During GMAT exam, where time is precious, complicated inequalities often create a difficult situation. Purpose of this article is to narrate the paradigms of inequalities and to state the methods to solve the inequalities.

This Article is actually a digital version of my handwritten notes collected from various sources. Most of the input is from Indian School Text Books on Maths(CBSE Board) and remaining is from GMAT Math Strategy Guides of Elite Test Prep Companies and Guides for Indian CAT.

INEQUATIONS : Definition and Characterictics

The term Equation is defined as a statement involving variable(s) and the sign of equality(=)
Similarly, we can define the term Inequation as a statement involving variable(s) and the sign of inequality viz, >, ≥, <, or ≤
An Inequation may contain one or more variables. Also, it may be linear or quadratic or cubic etc.

Some Examples of Inequations

5x – 3 > 0

$$x^2$$ - 5x + 4 ≤ 0

$$ax^2$$ + $$by^2$$ < 1

$$x^3$$ + $$6x^2$$ + 11x + 6 ≤ 0

Linear Inequations with one variable

Let a be a non-zero real number and x be a variable.

Then Inequations of the form ax + b < 0, ax + b ≤ 0, ax + b > 0, ax + b ≥ 0 are known as linear Inequations in one variable

Examples : 9x – 15 > 0, 2x – 3 ≤ 0

Linear Inequations with two variables

Let a, b be non-zero real numbers and x, y be a variables.

Then Inequations of the form ax + by < c, ax + by ≤ c, ax + by > c, ax + by ≥ c are known as linear Inequations in two variables x and y

Examples : 2x + 3y ≤ 6, 2x + y ≥ 6

Let a be a non-zero real number.

Then Inequations of the form $$ax^2$$ + bx + c < 0, $$ax^2$$ + bx + c ≤ 0, $$ax^2$$ + bx + c > 0, $$ax^2$$ + bx + c ≥ 0 are known as Quadratic Inequations with one variable.
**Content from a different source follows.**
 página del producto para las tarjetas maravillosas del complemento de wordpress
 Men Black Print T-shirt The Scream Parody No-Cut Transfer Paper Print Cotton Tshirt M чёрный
Examples : $$x^2$$ + x - 6 < 0, $$2x^2$$ + 3x + 1 > 0

The equation $$ax^2$$ + $$by^2$$ < 1 is a sample quadric Inequation with two variables.

Solution of an Inequation

Definition :- A Solution of an Inequation is the value(s) or the range of values of the variable(s) that makes the inequation a true statement

Consider the Inequation $$\frac{(3-2x)}{5}$$ < $$\frac{x}{3}$$ – 4

For x = 9, we have, LHS = $$\frac{(3-2*9)}{5}$$ = -3 and, RHS = $$\frac{9}{3}$$ - 4 = -1. Clearly -3 < -1 that means LHS < RHS, which is true. So x = 9 is a solution of the given inequation

For x = 6, LHS = $$\frac{(-9)}{5}$$ and, RHS = -2 ---------> LHS > RHS ---------> So x = 6 is not a solution of the given Inequation.

We can verify that any real number greater than 7 is a solution of the given Inequation.

Let us now consider the Inequation $$x^2$$ + 1 < 0

We know that $$x^2$$ ≥ 0 for all real values of x

$$x^2$$ +1 ≥ 1 for all real values of x--------------(Added 1 to both sides of ineqation)

So, there is no real value of x which makes the Inequation $$x^2$$ + 1 < 0 a true statement. Hence, it has no solution.

Solving an Inequation

It is the process of obtaining all possible solutions of an Inequation. Substitution by numbers is a lengthy process, and it is an impossible process for complicated quadratic equations. Best way to solve Inequations is shown in the following section.

Solution Set

The set of all possible solutions of an Inequation is known as its solution set.

For Example
The solution set of the Inequation $$x^2$$ + 1 ≥ 0 is the set of all real numbers
The solution set of the Inequation $$x^2$$ + 1 < 0 is empty/null set

Solving Linear Inequation with one variable

As mentioned earlier that solving an Inequation is the process of obtaining all possible solutions of the variable.
In the process of solving an Inequation, we use mathematical simplifications which are governed by the following rules

Rule 1 :- Same Number may be added to (or subtracted from) both sides of an Inequation without changing the sign of inequality. Example: x > 5 ---------> x + 2 > 5 + 2

Rule 2 :- Both sides of an Inequation can be multiplied (or divided) by the same positive real number without changing the sign of inequality. However, the sign of inequality is reversed when both sides of an Inequation are multiplied or divided by a negative number. Examples: x > 5 ----> 3x > 15; x > 1 ----> -x < -1

Rule 3 :- Any term of an Inequation may be taken to the other side with its sign changed without affecting the sign of inequality. Example: $$\frac{x}{3}$$ - 2 < $$\frac{x}{6}$$ -----> $$\frac{x}{3}$$ - $$\frac{x}{6}$$ < 2

Rule 4 :-
In inequalities never multiply for a term unless you know it does not equal 0 AND you know its sign.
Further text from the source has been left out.